I don't think there's a huge difference between those brands as far as r&d, end quality, that sort of thing. Some of the smaller boutique makers put out some really innovative stuff.

Biggest difference I see is at the low end.

If you have the budget, buy what you like. If your budget is tight, stay away from new boutique stuff, because they don't sell anything at the low end.

My house used to be full of Specialized bikes and even before that Diamondbacks. It's what I had the budget for. The last 3 bikes in the house have been two Salsas and a Santa Cruz. The Santa Cruz was bought used, but still a great bike. The first Salsa I bought as a frame because I got a good price on it, and it fit my needs (steel commuter bike). I built it with parts I already had from a previous steel commuter (an On-One which I didn't like so much, and sold the frame/fork). The newest Salsa was a specific bike that I ACTUALLY wanted because of Salsa's innovation (Bucksaw). I still bought the frame and built it with parts I chose, rather than buying a complete bike. Just today, I passed 160 winter miles on that bike since December.

I am at a point where I strongly prefer building bikes from the frame up. The bigger companies don't really offer much of that. Typically their highest end, most expensive frame, which I also typically don't want. The mid-sized boutique brands do a much better job of offering frames for all their models, so I think that's where I'll be for the foreseeable future. I really would like a solid custom steel hardtail, though. Something versatile enough to be built for more aggressive riding, or built light and fast. And most importantly, something that I can keep and ride for a very long time, no matter what else I happen to own. For something like that, I'd probably go through one of the local framebuilders. It will probably be awhile before I can afford another bike, though.


----------



## evasive (Feb 18, 2005)

I'm not sure what you've seen to get the impression that Turner has warranty issues; generally they're considered about as good as it gets. Most of the boutique companies are in the same category. The only issue that ever really arises is that their inventories are smaller than the big companies, occasionally leading to longer wait times on the resolution. Santa Cruz is probably in the sweet spot between boutique responsiveness and major inventory. And frankly, I know a number of people who have had less than stellar warranty processes with the biggest of the big majors, too.


----------



## Cleared2land (Aug 31, 2012)

I think anyone at any point in time can have a wonderful experience or one that's a total terror-fraught play. Perhaps it depends on who you're dealing with at the other end of the line and the attitude of both parties. Pick a number.


----------



## Optimus (Apr 14, 2012)

I agree with Harold, build your own. I quit buying complete when I got tired of buying a packaged "kit". I've built my last 5 bikes. Pick the frame of your choice, equip as your heart desires, including rim/hub combos, etc. You'll have to haul your frame to your LBS to get the head and BB faced and chased, but otherwise building is not difficult at all.

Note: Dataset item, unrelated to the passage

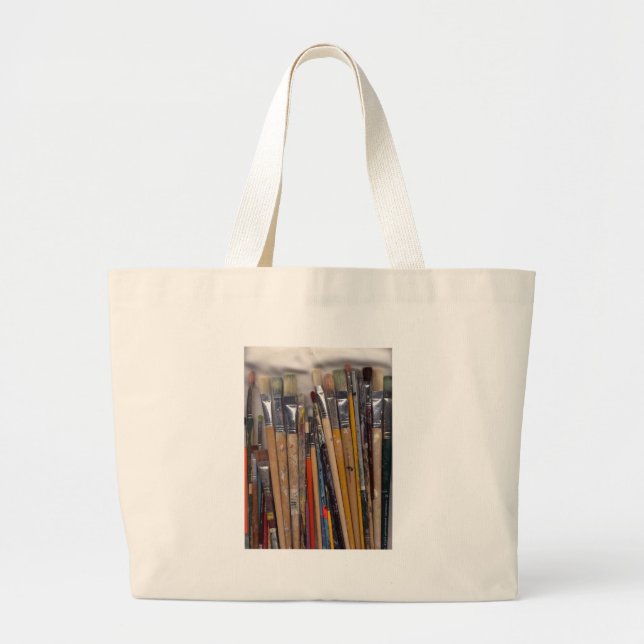 Paint Brushes Large Tote Bag (Front)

My bikes are unique, not another like them in the world, and I didn't have to pull a bunch of shyt off them that I've already paid for just to trade up to what I want. Scour the internet for the best price, fuk the local shops, when you're dropping $6-8K a year on bikes, year after year, it's all about bang for the buck.


----------



## madduck (Oct 27, 2008)

i've only seen a few issues with all of them. when you see 2 or 3 issues with one company then 4-6 with another, percentage wise it's double, numbers wise it's still very negligible. and my browser may be directing me one way with one company another with a different company. none of the company's i've mentioned have been awful, it's all relative. i'm quite ignorant when it comes to mtn biking, been a roadie forever so i'm behind the curve. i'll admit that what i've perceived as issues with turner seem to be in error from the input all y'all have provided, glad to hear that. 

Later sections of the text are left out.